- GOAL OF THE EXERCISE
Pictures stay out; everything else in the records is to be copied exactly.

- STUDY MATERIAL

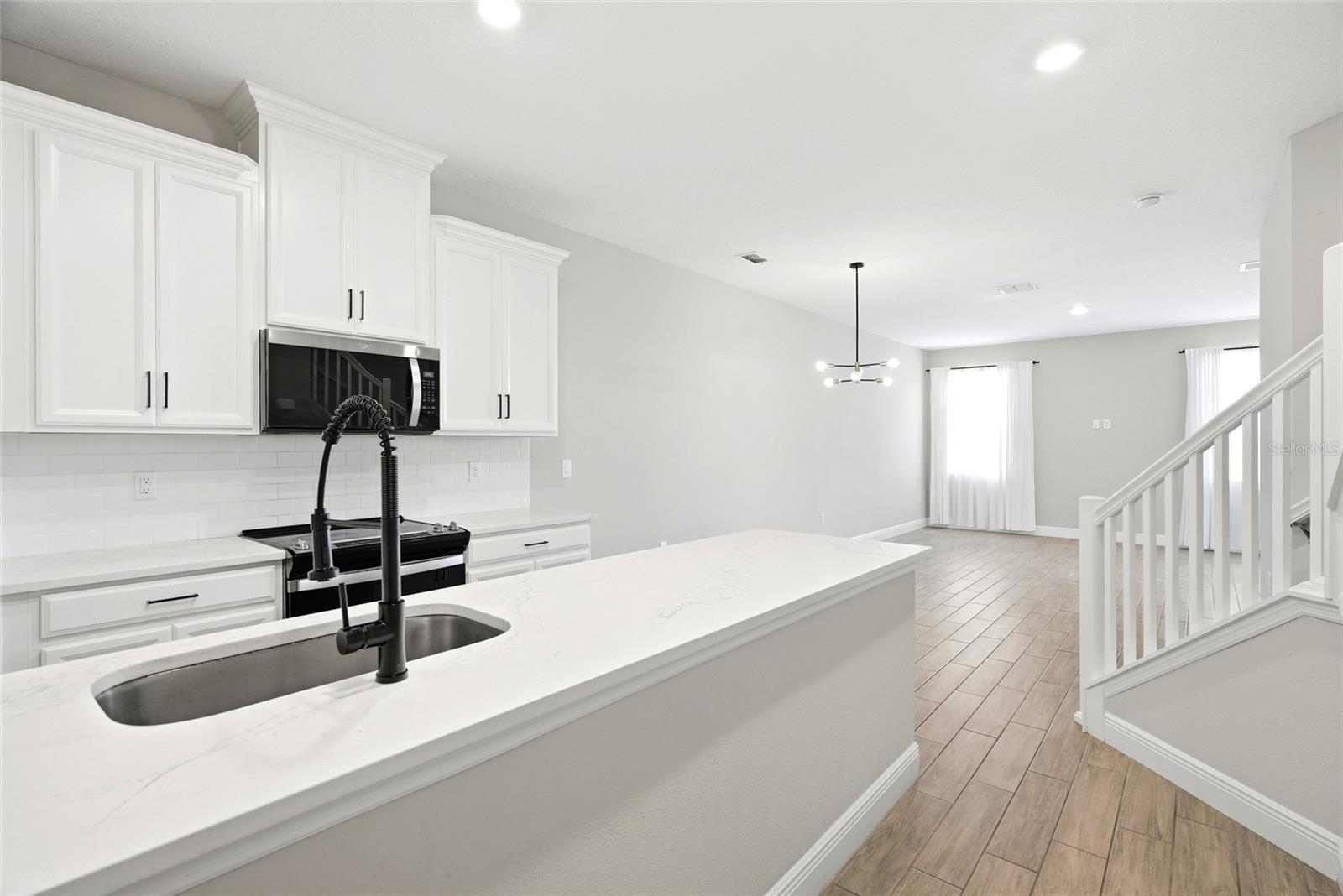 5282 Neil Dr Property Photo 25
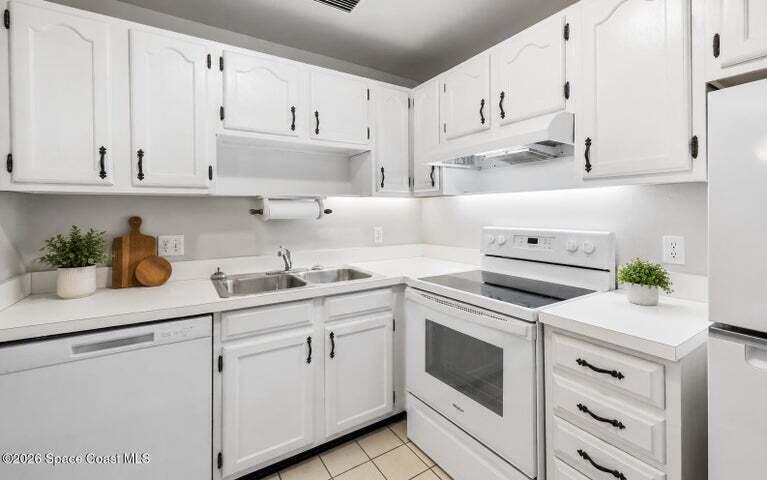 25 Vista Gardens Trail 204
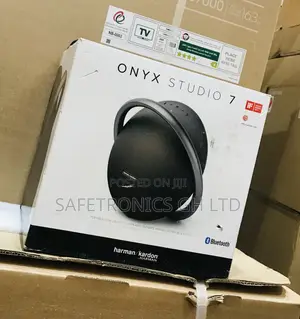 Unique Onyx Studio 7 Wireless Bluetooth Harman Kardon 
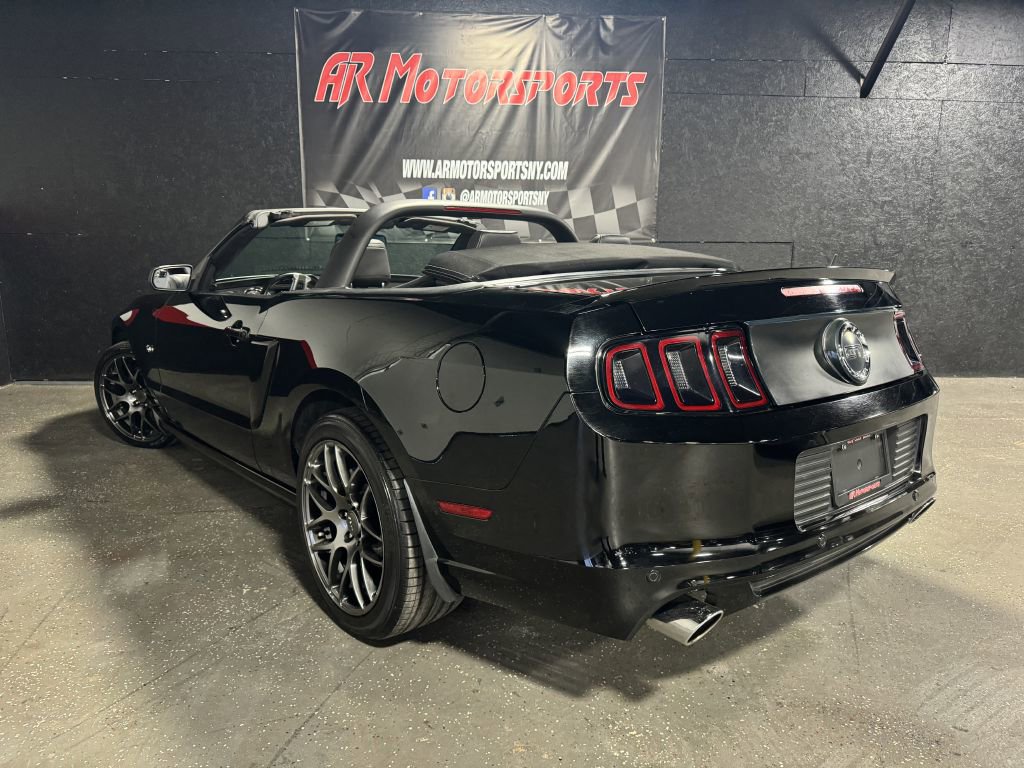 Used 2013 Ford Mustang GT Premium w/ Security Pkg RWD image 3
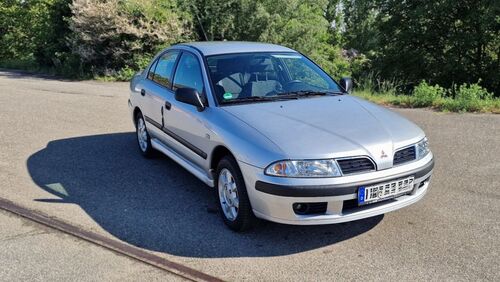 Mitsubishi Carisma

- WRITTEN RESPONSE
 5282 Neil Dr Property Photo 25
 25 Vista Gardens Trail 204
 Unique Onyx Studio 7 Wireless Bluetooth Harman Kardon 
 Used 2013 Ford Mustang GT Premium w/ Security Pkg RWD image 3
 Mitsubishi Carisma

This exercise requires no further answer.